As Labour gradually negotiates its way out of its old socialist positions, notably with Clause IV, it generates ample opportunity for hypocrisy. The behaviour of these two-homes, share-buying neo-socialists is changing faster than the party's old rhetoric, which cannot keep up, leaving it trapped in embarrassing double-speak.

Margaret Thatcher, meanwhile, sent the right skipping down the road of hypocrisy long ago. But, as Anthony Sampson says, "even Thatcher came to realise that her vision of society without society, an entrepreneurial, ruthless new Britain, was not what the British themselves wanted." They are still picking up the pieces, trying to recreate the family values they did their best to destroy.

Amid the political confusion, the population is left floundering on a moral scree. "There is a yearning for people to return to elementary moral virtues, such as integrity and commitment," says Geoff Mulgan of Demos. "We distrust people who have no centring of values. We greatly respect businessmen, for example, if they display those virtues, even if we don't necessarily agree with the people."

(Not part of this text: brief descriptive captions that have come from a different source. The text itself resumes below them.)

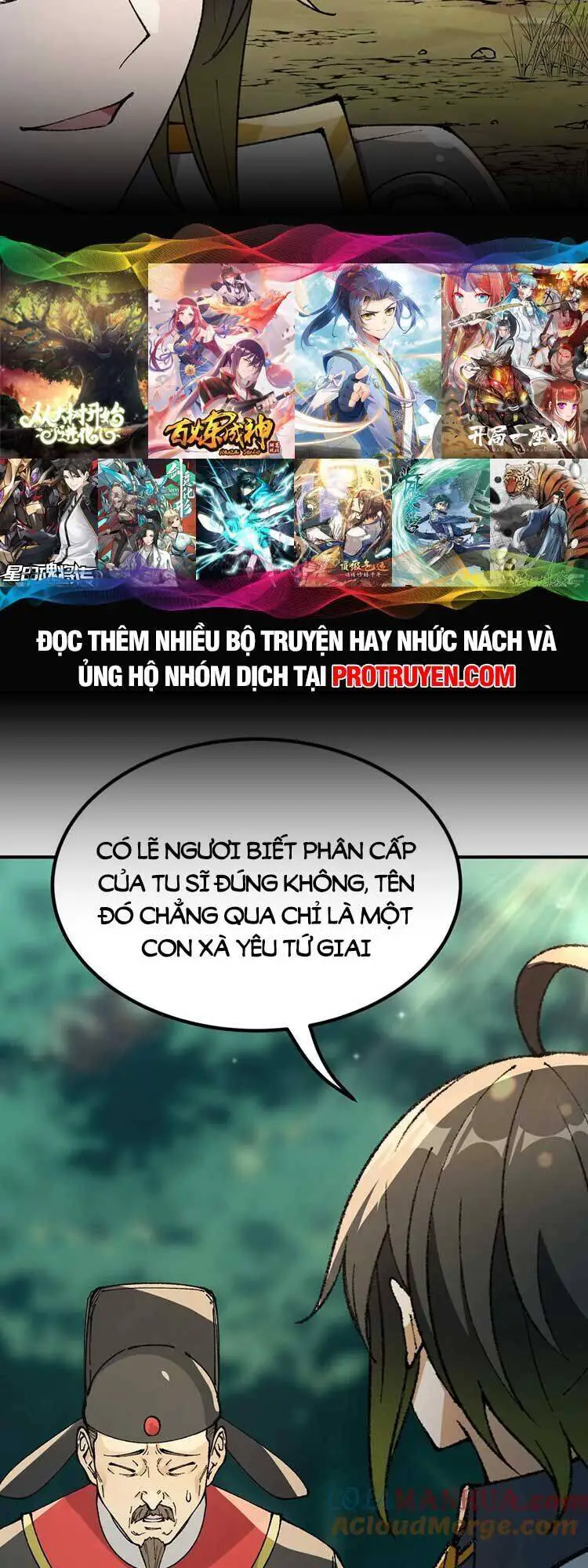 Thiên Đạo Này Cũng Không Ngốc Lắm Nettruyen ZZZ Chương 40 Page 14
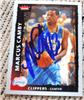 Marcus Camby autographed 2008-09 Fleer on Sportscollectors.Net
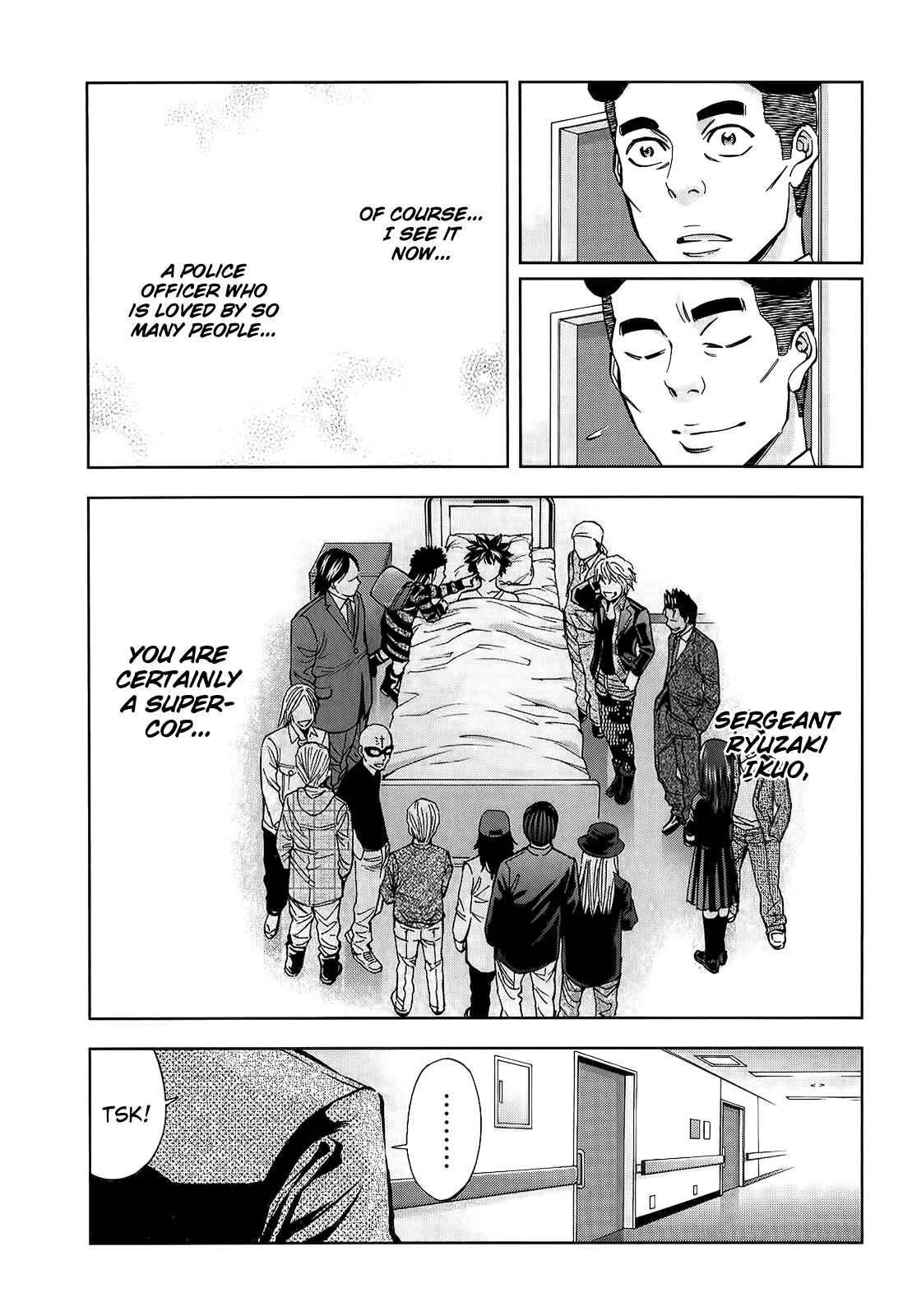 Page 17 Chapter 98.5 Ouroboros
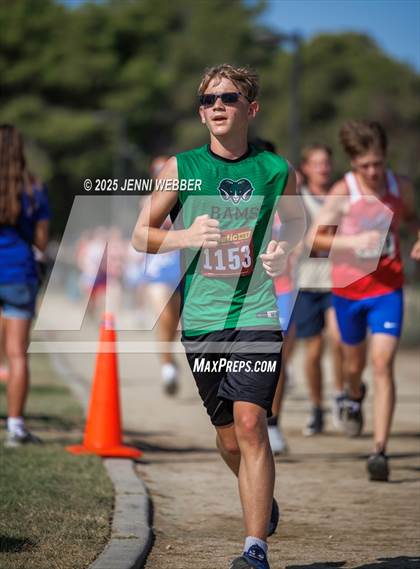 Thumbnail 1 in Larry Burgess Invitational B photogallery.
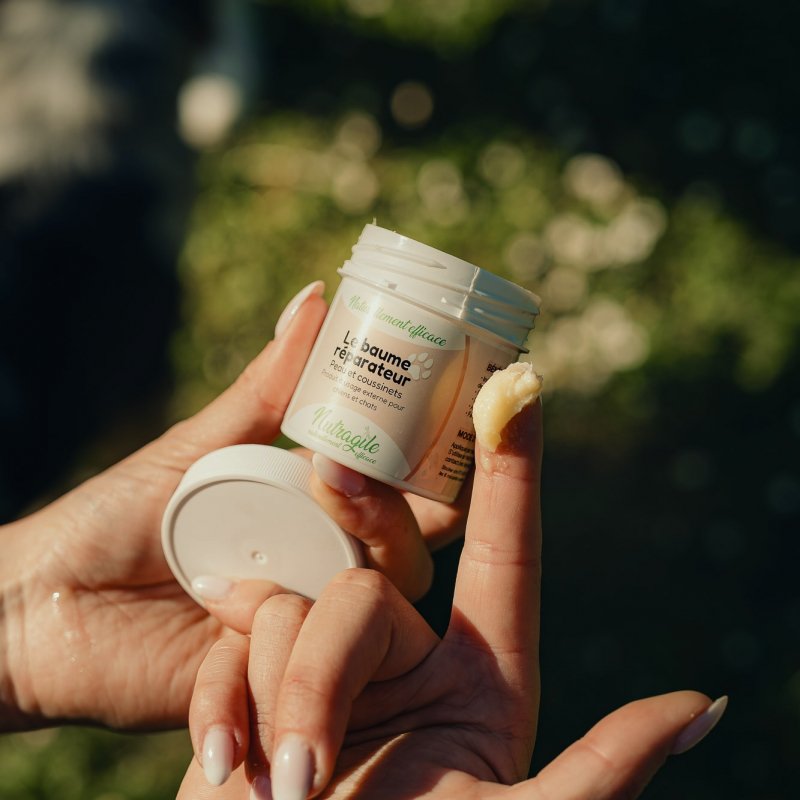 NUTRAGILE - Baume Réparateur Pets – Image 2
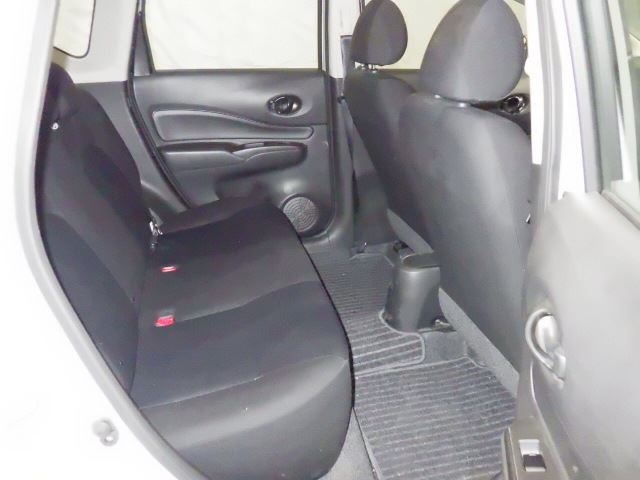NISSAN NOTE 2014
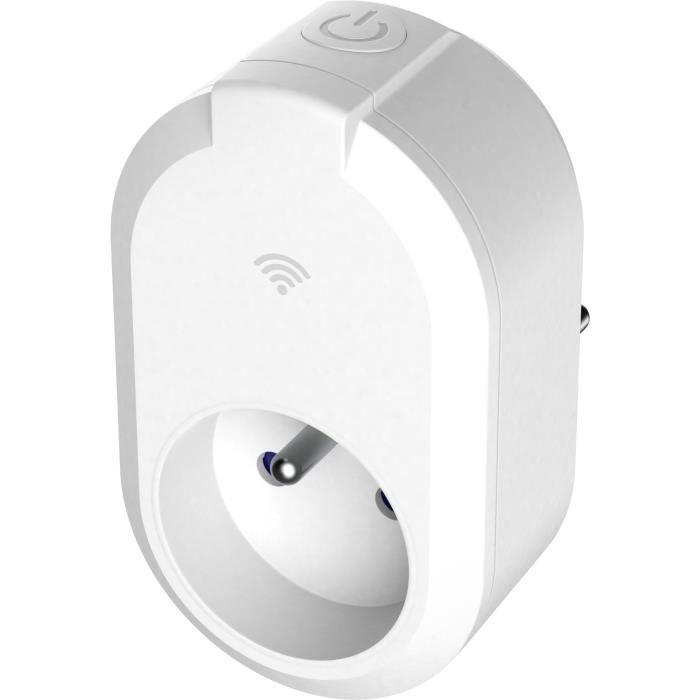 Presa Telecomandata GAO 230V Bianco | Controllo Remoto Wireless Casa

It is neither an accident nor a sign of increasing moral weakness that hypocrisy seems inescapable today. Accelerated social and economic change makes it inevitable that our beliefs and morals will be continually outmoded. So it is perhaps time to accept that a measure of hypocrisy is a necessary evil, time to judge ourselves less harshly. As Irma Kurtz says: "We need hypocrisy to protect ourselves from each other and from ourselves. We need to be hypocritical in order to survive."